Monday, 22 October 2012

Politicizing Pet Waste in Urbanized Societies

This month's issue of Anthropology News puts the spotlight on the issue of waste, and the contributions include a commenatary by yours truly on pet waste. The accompanying photograph was taken by Ann Toohey, who works with me as a PhD student, and features her endearing dog, Lucy Blue. In 2011, a literature review that Ann led highlighted the negative impact of litter from dog waste as a deterrant of physical activity, notably in disadvantaged neighbourhoods and among older adults. Ann also contributed to another literature review, published in 2010, that drew attention to litter from dog waste as a negative influenceas a salient insight from qualitative research on park use.
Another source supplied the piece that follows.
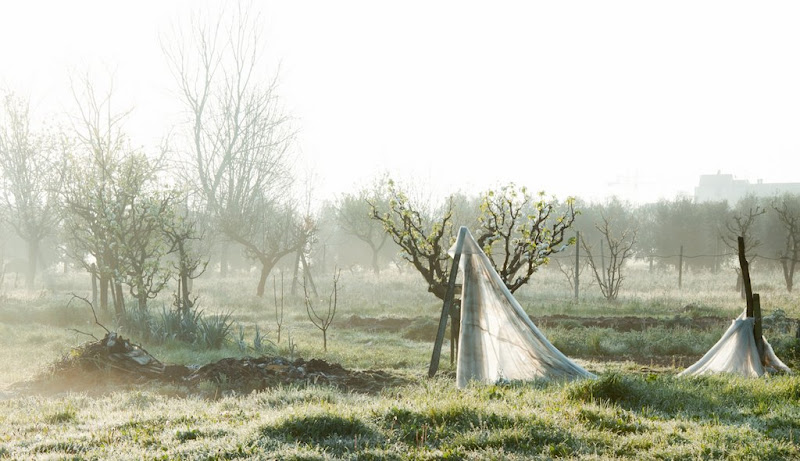 Scenario campestre di  cristina masoni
Also this month, Critical Public Health included a terrific qualitative study focused squarely on the negative symbolism of litter from dog waste -- the first of its kind, to the best of my knowledge. The accompanying editorial contends -- entirely correctly -- that the concept of 'one health' (connections between the health of people, animals, and shared ecosystems) warrants deeper thought. In that light, I was delighted to receive an acceptance notice this week from Critical Public Health for a paper that treats the City of Calgary's Responsible Pet Ownership Bylaw as a case study, inclusive of its provisions on litter from both dogs and cats, on public as well as private property.